■ **Work task**
What is needed is a word-for-word copy of the lines below from the one with "BBQ business featuring" through the one with "Dettaglio della collana", both included, with every picture left out.

■ **Source material**
+ + + + +

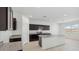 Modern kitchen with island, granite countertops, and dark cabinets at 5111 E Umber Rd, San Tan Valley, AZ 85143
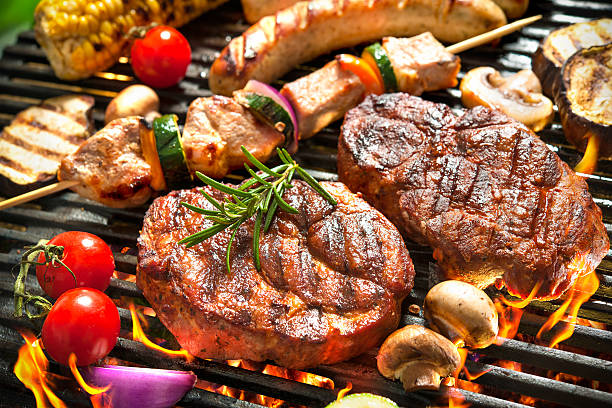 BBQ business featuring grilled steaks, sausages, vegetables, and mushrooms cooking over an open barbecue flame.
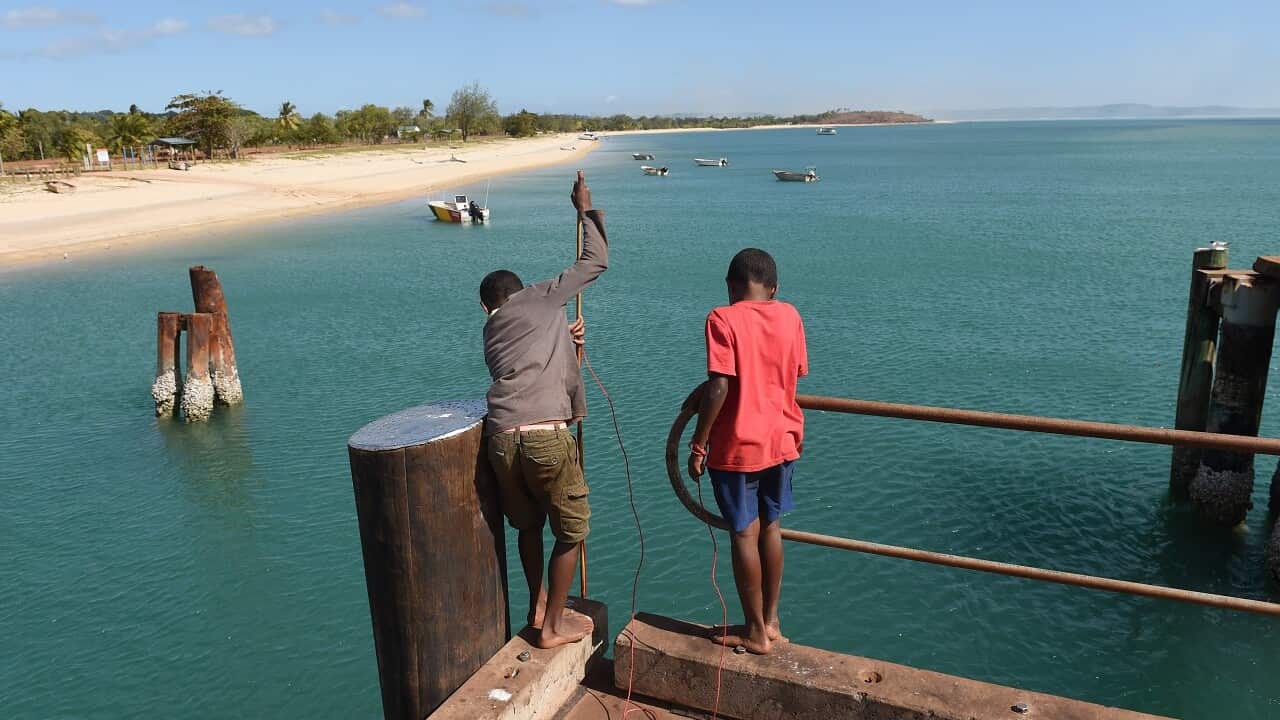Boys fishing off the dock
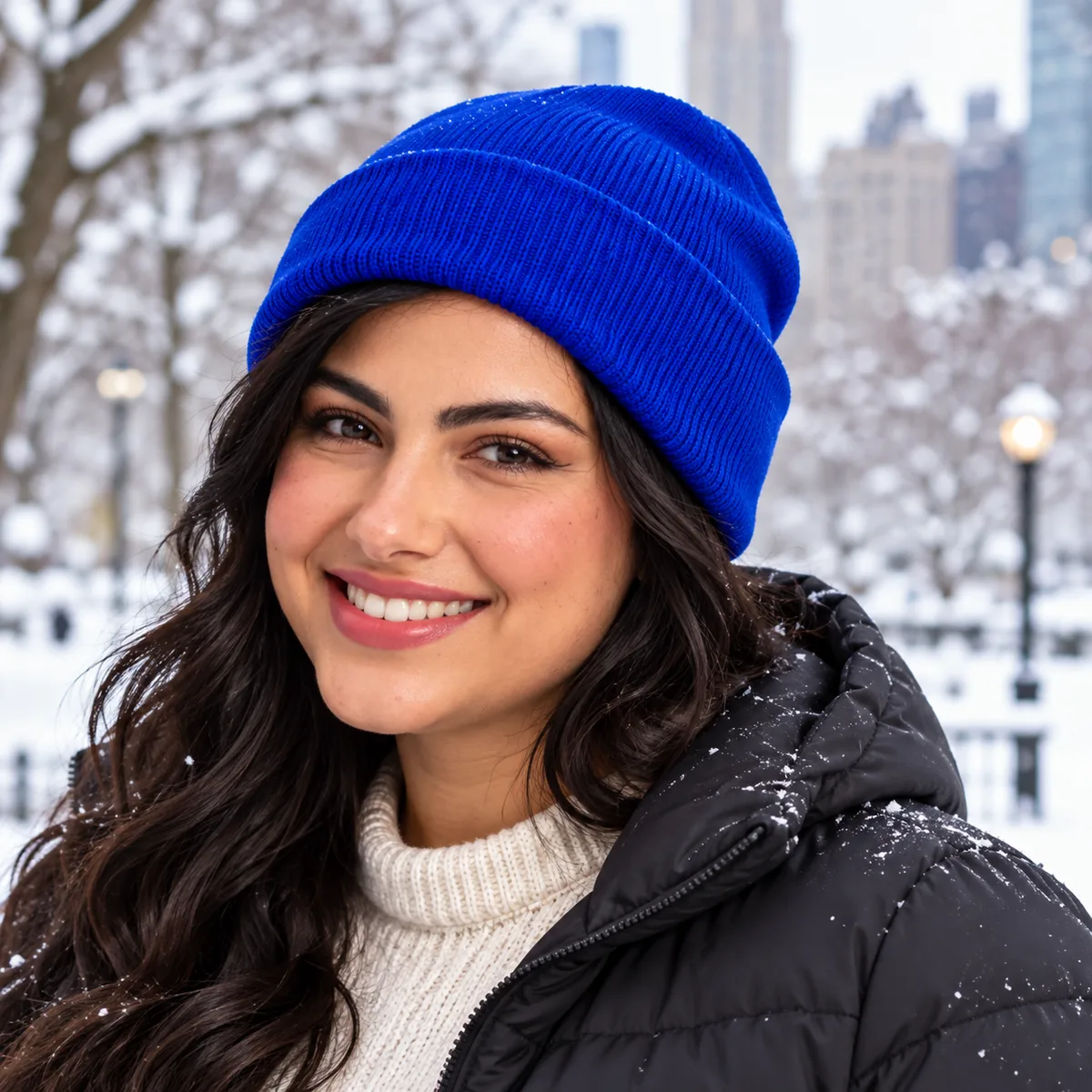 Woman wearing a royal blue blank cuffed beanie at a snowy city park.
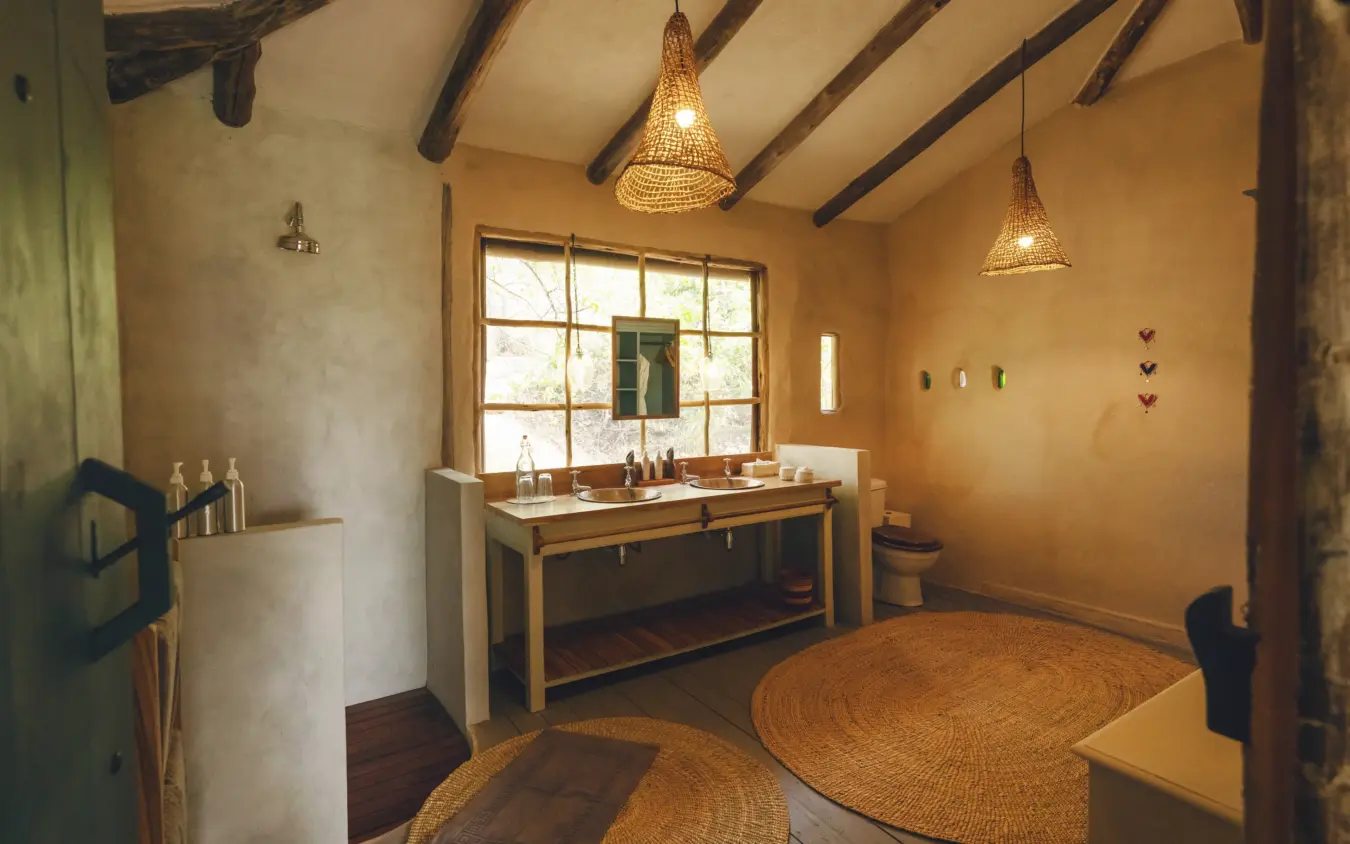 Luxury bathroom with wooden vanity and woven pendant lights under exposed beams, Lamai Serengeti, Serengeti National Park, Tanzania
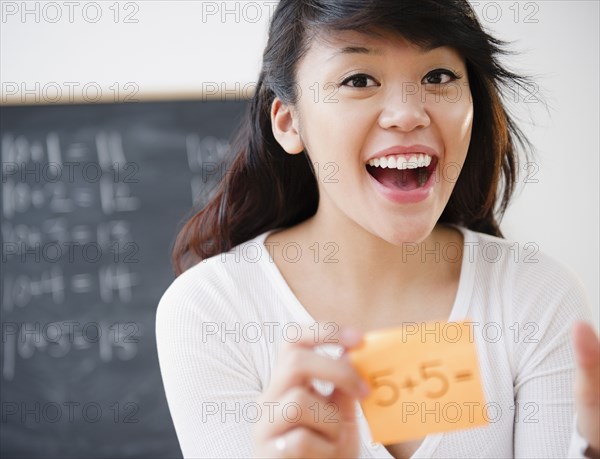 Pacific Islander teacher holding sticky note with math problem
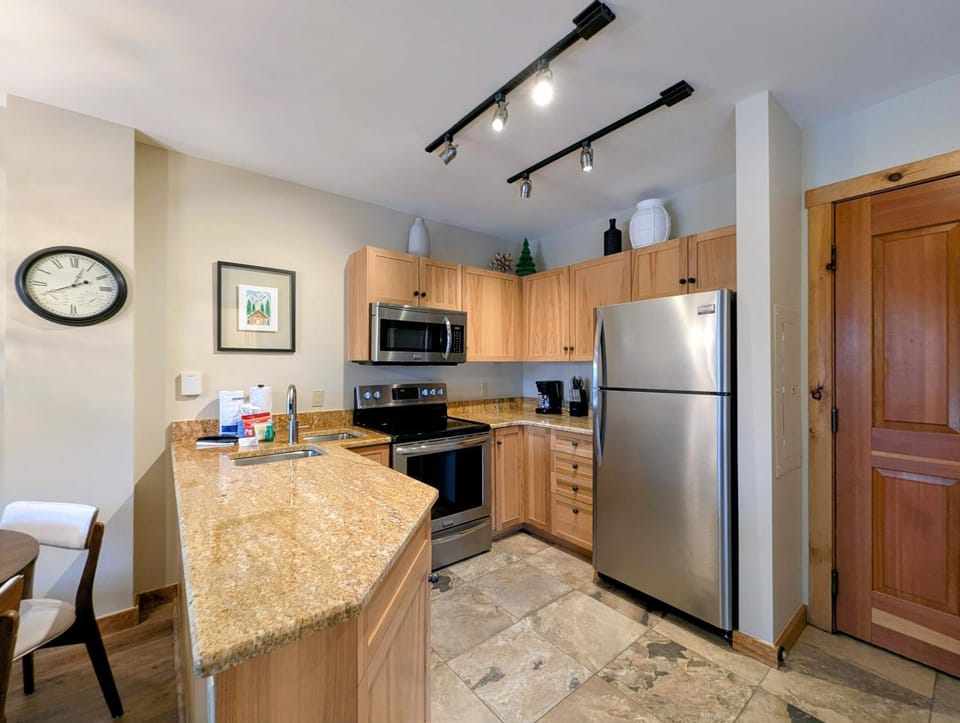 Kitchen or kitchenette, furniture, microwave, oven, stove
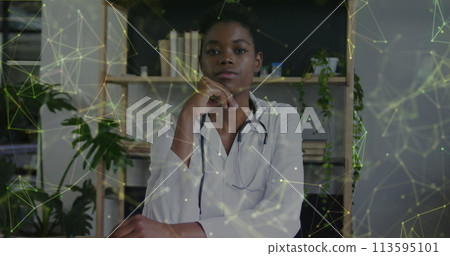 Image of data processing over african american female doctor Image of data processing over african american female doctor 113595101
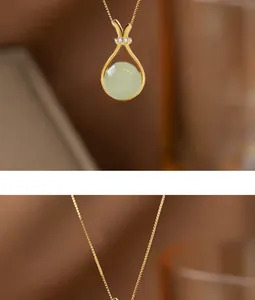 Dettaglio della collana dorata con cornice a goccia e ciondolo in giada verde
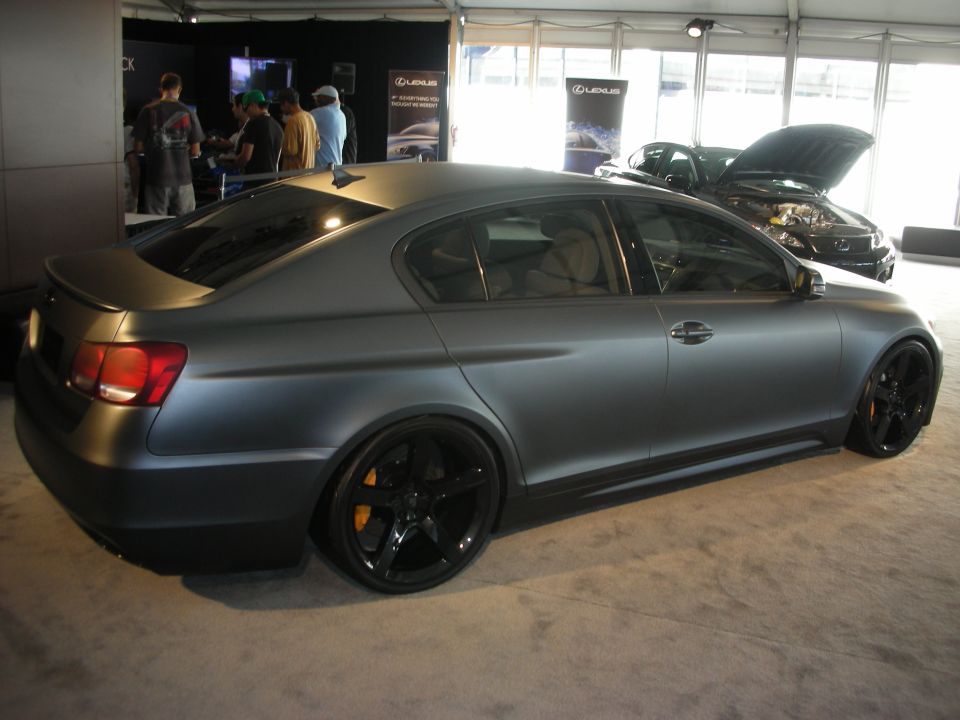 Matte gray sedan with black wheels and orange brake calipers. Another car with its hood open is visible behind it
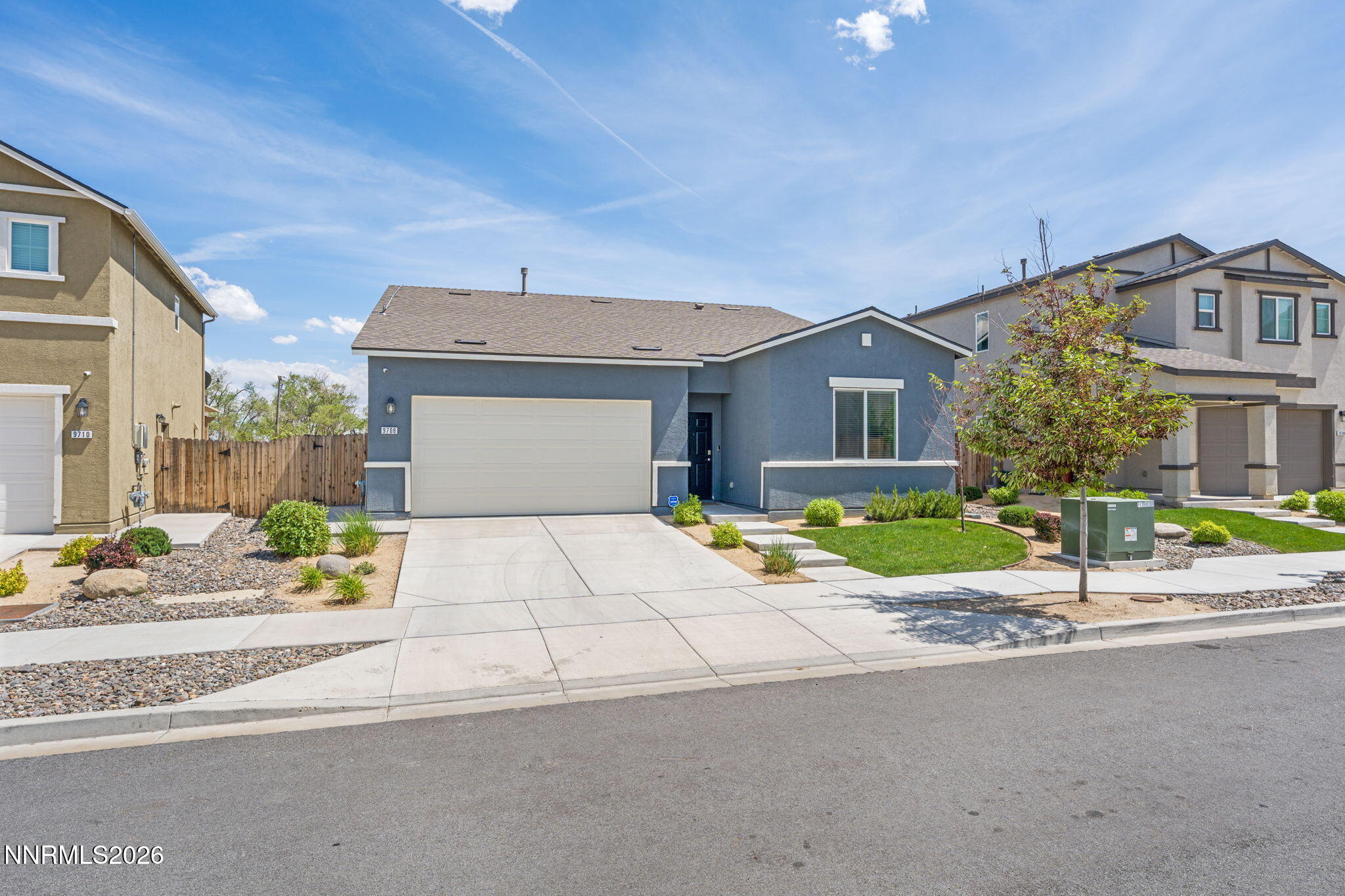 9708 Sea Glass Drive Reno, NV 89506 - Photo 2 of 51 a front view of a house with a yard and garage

+ + + + +

■ **Finished exercise**
 BBQ business featuring grilled steaks, sausages, vegetables, and mushrooms cooking over an open barbecue flame.
Boys fishing off the dock
 Woman wearing a royal blue blank cuffed beanie at a snowy city park.
 Luxury bathroom with wooden vanity and woven pendant lights under exposed beams, Lamai Serengeti, Serengeti National Park, Tanzania
 Pacific Islander teacher holding sticky note with math problem
 Kitchen or kitchenette, furniture, microwave, oven, stove
 Image of data processing over african american female doctor Image of data processing over african american female doctor 113595101
 Dettaglio della collana dorata con cornice a goccia e ciondolo in giada verde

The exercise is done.